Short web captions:
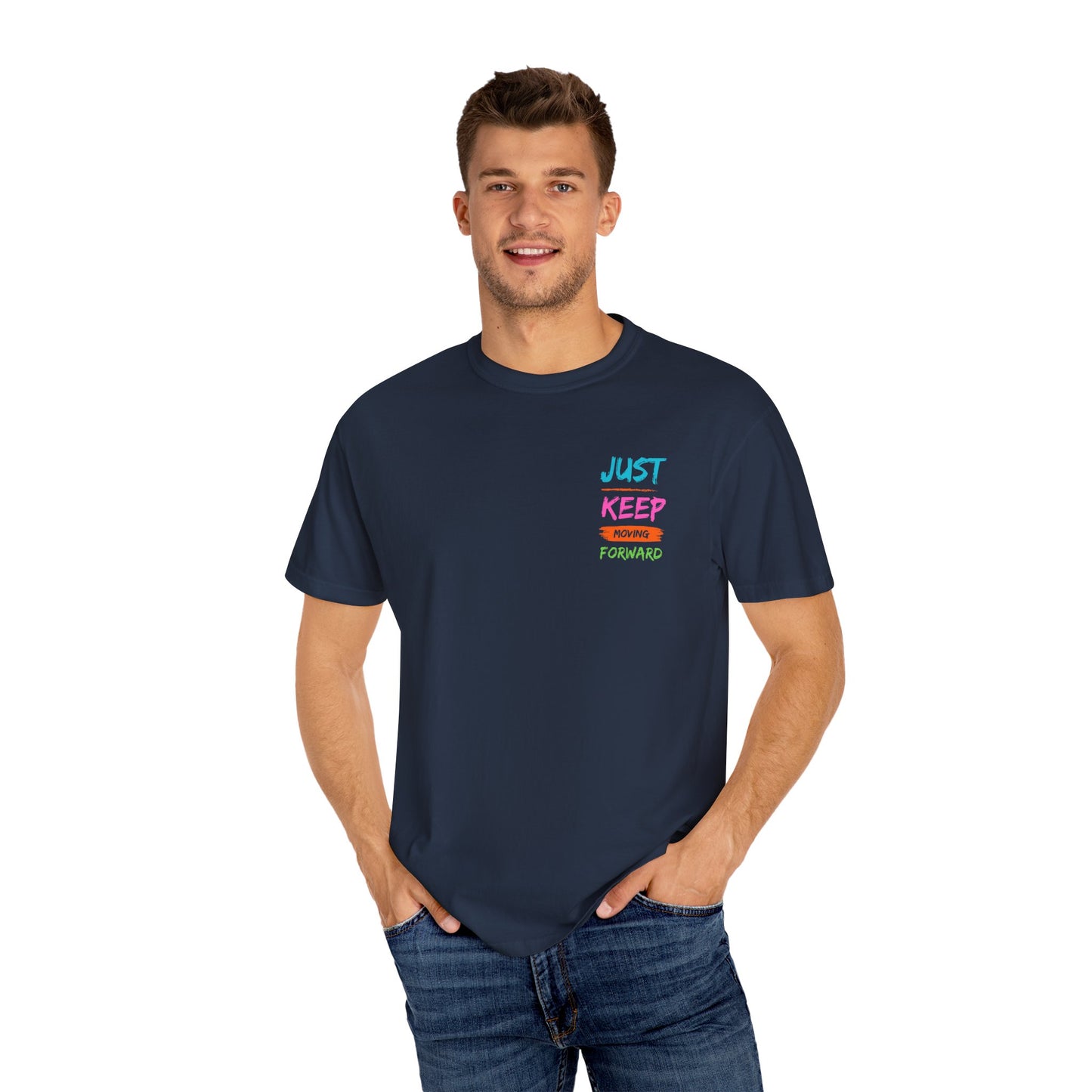 Just Keep Moving Forward Unisex T-shirt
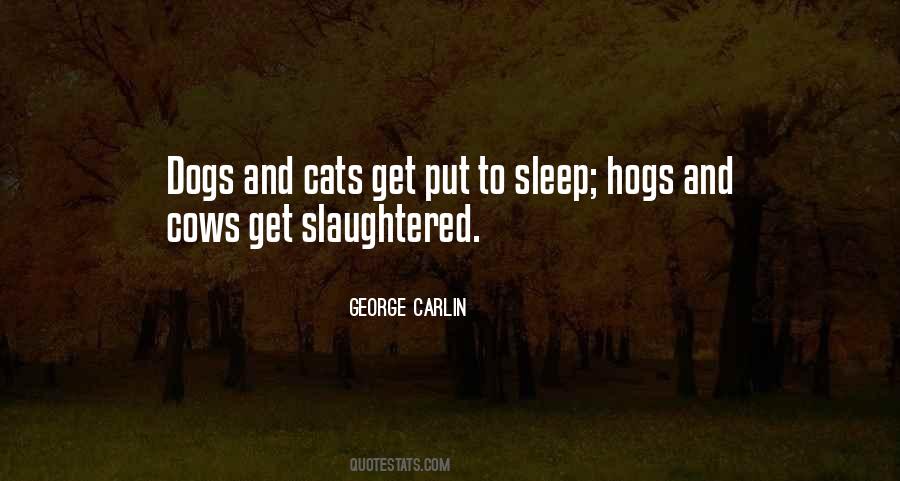 Hogs Get Slaughtered Quotes #1182964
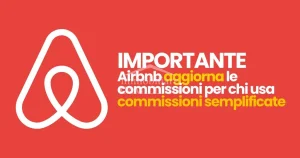 Airbnb aumenta le commissioni: cosa devono sapere gli host e come adeguarsi
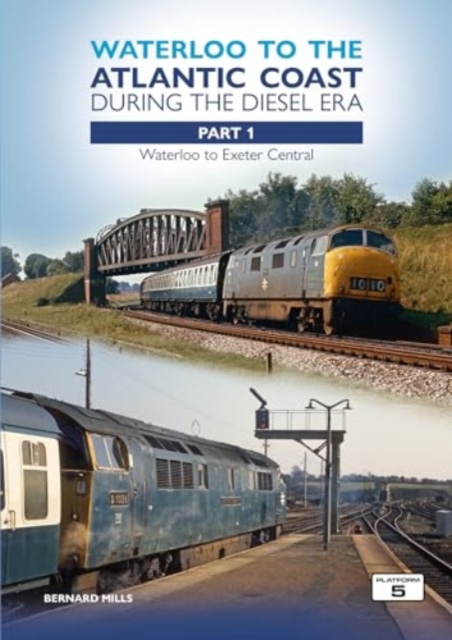 Waterloo to the Atlantic Coast During the Diesel Era Part 1 : Waterloo to Exeter Central, Paperback / softback Book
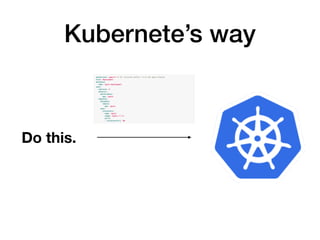 Do this.
Kubernete’s way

### [AIM OF THE EXERCISE]
Retype every entry exactly, but keep the pictures out of your copy.

### [WRITTEN ANSWER]
 Just Keep Moving Forward Unisex T-shirt
 Hogs Get Slaughtered Quotes #1182964
 Airbnb aumenta le commissioni: cosa devono sapere gli host e come adeguarsi
 Waterloo to the Atlantic Coast During the Diesel Era Part 1 : Waterloo to Exeter Central, Paperback / softback Book
 Do this.
Kubernete’s way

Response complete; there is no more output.